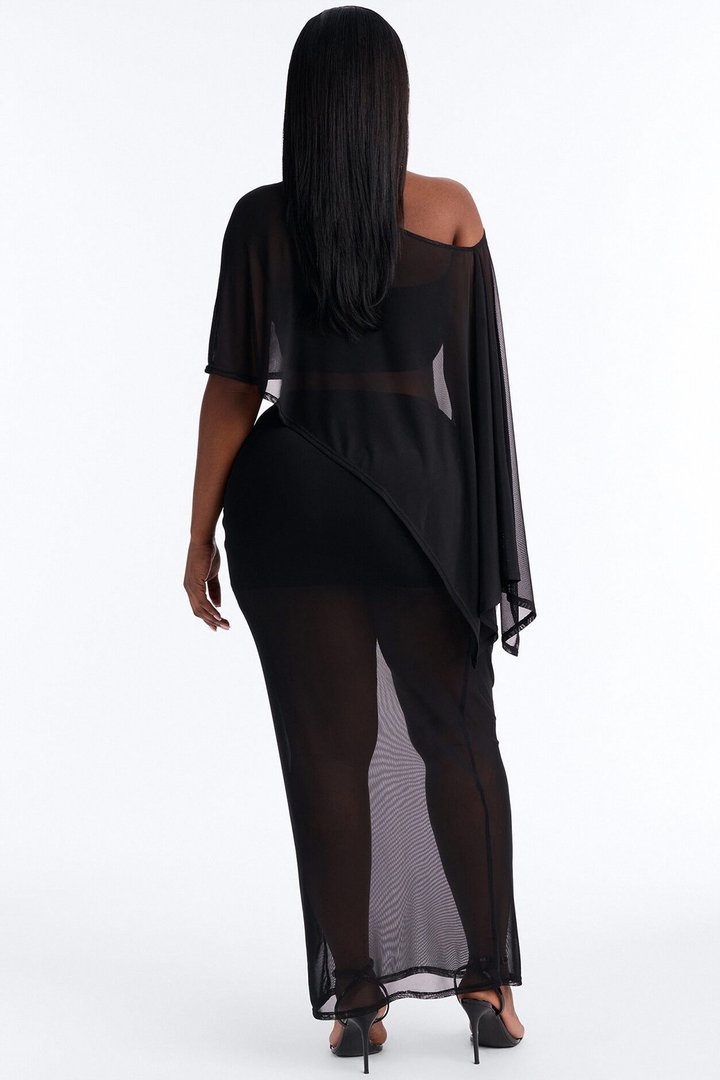 Enjoy The View 3 Piece Mesh Skirt Set - Black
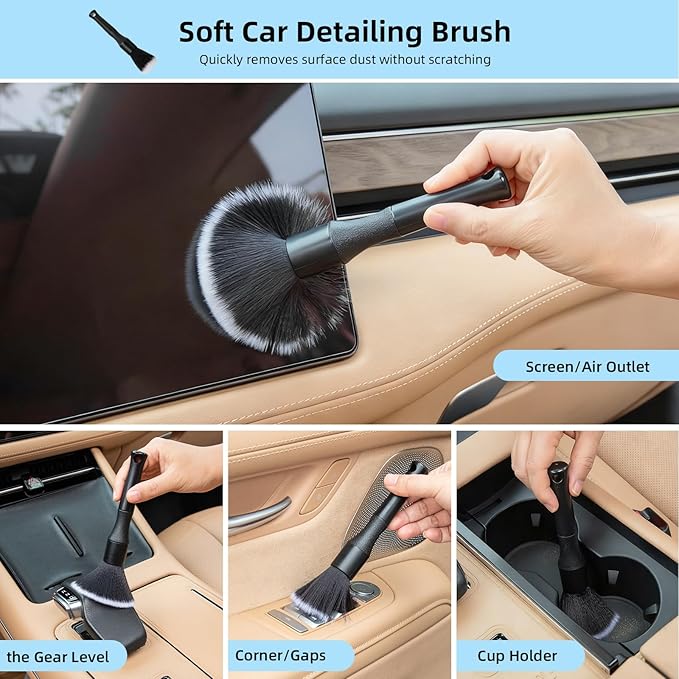 TICARVE Car Interior Detailing Cleaning Kit,Car Detailing Crevice Brush Set, Cleaning Gel, Interior and Exterior Cleaner,Accessories Tool Supplies for Car,Keyboard and Interior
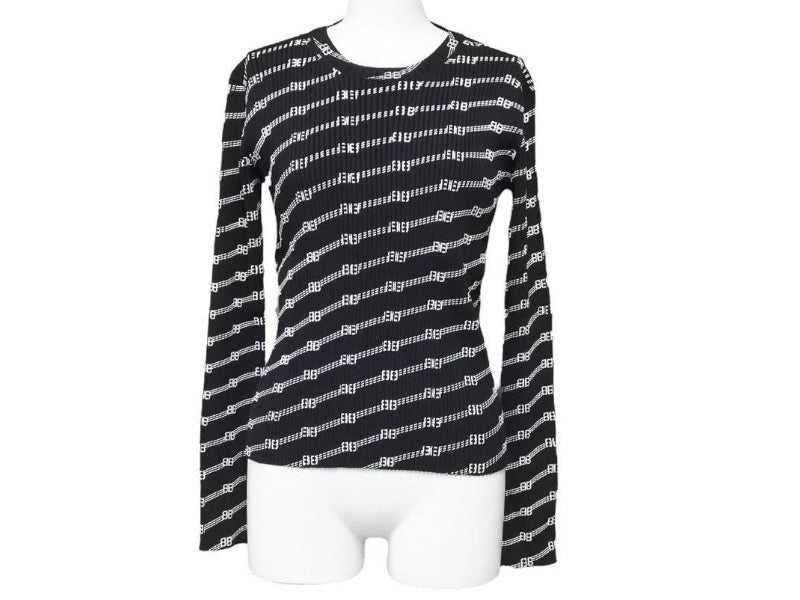 新品同様 BALENCIAGA バレンシアガ LS BBロゴ 長袖Tシャツ ブラック ホワイト トップス 総ロゴ 621004 サイズXS 中古 44375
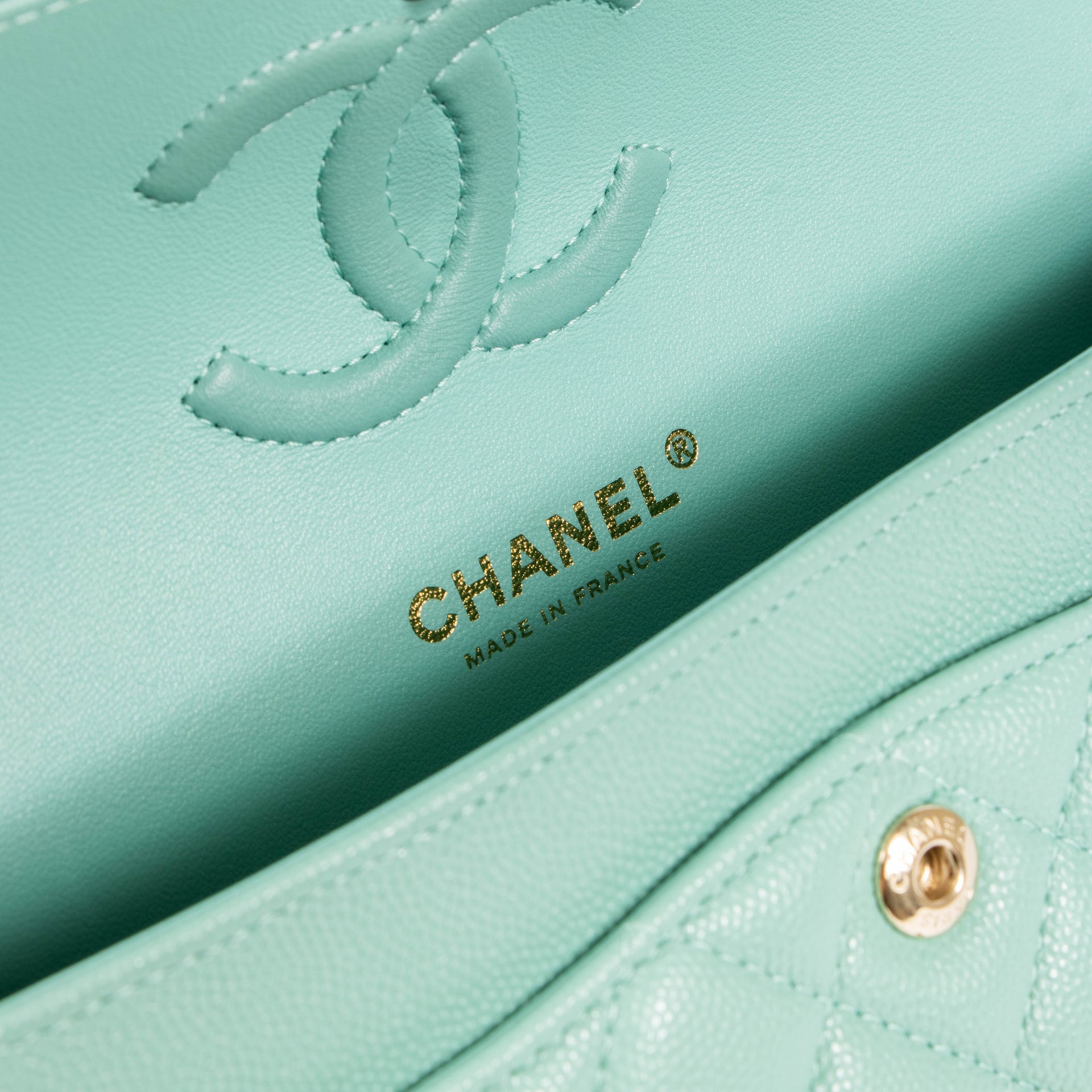 Chanel 21S Tiffany Green Caviar Small Classic Handbag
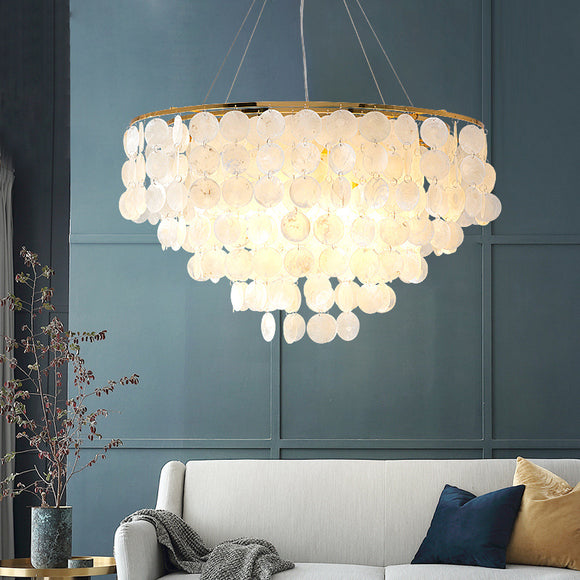 D60cm LED Shell Pendant Light Modern Nordic Gold Chandelier Metal Electroplated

____

**Your task**
From the line containing "TICARVE Car Interior" down to the final line of the listing above, write out only those lines exactly as they are, minus the pictures.

**Answer to the problem**
 TICARVE Car Interior Detailing Cleaning Kit,Car Detailing Crevice Brush Set, Cleaning Gel, Interior and Exterior Cleaner,Accessories Tool Supplies for Car,Keyboard and Interior
 新品同様 BALENCIAGA バレンシアガ LS BBロゴ 長袖Tシャツ ブラック ホワイト トップス 総ロゴ 621004 サイズXS 中古 44375
 Chanel 21S Tiffany Green Caviar Small Classic Handbag
 D60cm LED Shell Pendant Light Modern Nordic Gold Chandelier Metal Electroplated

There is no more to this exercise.